** Aim of the exercise **
Pick up at the line with "Close-up of red". Write it out exactly, along with each later line through the end of the data, and nothing more.
-----
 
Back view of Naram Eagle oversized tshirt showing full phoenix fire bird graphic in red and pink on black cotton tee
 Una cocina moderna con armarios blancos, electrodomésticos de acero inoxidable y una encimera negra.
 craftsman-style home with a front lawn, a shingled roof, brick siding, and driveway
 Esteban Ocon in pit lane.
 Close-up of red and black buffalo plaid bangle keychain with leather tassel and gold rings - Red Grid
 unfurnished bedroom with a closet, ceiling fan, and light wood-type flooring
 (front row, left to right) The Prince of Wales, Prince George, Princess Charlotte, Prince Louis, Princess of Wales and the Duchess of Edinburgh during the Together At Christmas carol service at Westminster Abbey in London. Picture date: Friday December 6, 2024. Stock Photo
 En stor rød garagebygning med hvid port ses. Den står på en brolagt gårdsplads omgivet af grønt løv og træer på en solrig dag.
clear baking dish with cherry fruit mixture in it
-----
** Response to the exercise **
 Close-up of red and black buffalo plaid bangle keychain with leather tassel and gold rings - Red Grid
 unfurnished bedroom with a closet, ceiling fan, and light wood-type flooring
 (front row, left to right) The Prince of Wales, Prince George, Princess Charlotte, Prince Louis, Princess of Wales and the Duchess of Edinburgh during the Together At Christmas carol service at Westminster Abbey in London. Picture date: Friday December 6, 2024. Stock Photo
 En stor rød garagebygning med hvid port ses. Den står på en brolagt gårdsplads omgivet af grønt løv og træer på en solrig dag.
clear baking dish with cherry fruit mixture in it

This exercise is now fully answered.